= YOUR TASK =
What is needed is an exact copy of the records, with the images left out.

_ _ _ _

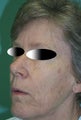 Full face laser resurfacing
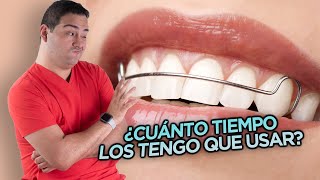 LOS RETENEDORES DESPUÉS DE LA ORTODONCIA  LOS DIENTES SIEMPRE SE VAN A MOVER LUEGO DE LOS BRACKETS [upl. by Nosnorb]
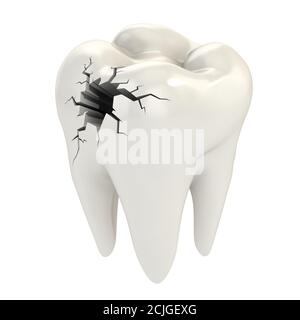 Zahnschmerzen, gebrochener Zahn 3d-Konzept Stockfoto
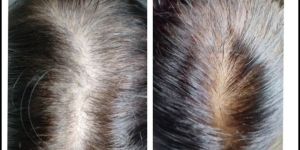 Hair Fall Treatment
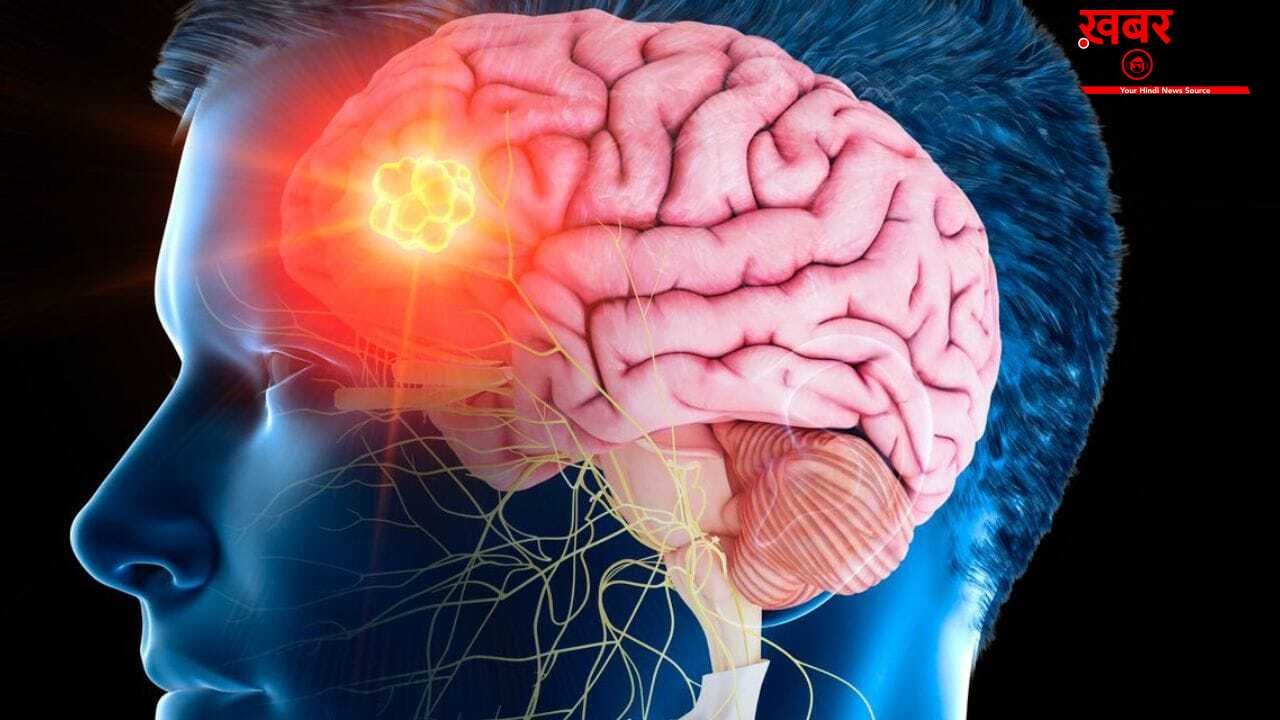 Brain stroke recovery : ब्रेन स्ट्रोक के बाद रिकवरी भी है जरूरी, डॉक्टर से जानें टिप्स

_ _ _ _

= RESPONSE =
 Full face laser resurfacing
 LOS RETENEDORES DESPUÉS DE LA ORTODONCIA  LOS DIENTES SIEMPRE SE VAN A MOVER LUEGO DE LOS BRACKETS [upl. by Nosnorb]
 Zahnschmerzen, gebrochener Zahn 3d-Konzept Stockfoto
 Hair Fall Treatment
 Brain stroke recovery : ब्रेन स्ट्रोक के बाद रिकवरी भी है जरूरी, डॉक्टर से जानें टिप्स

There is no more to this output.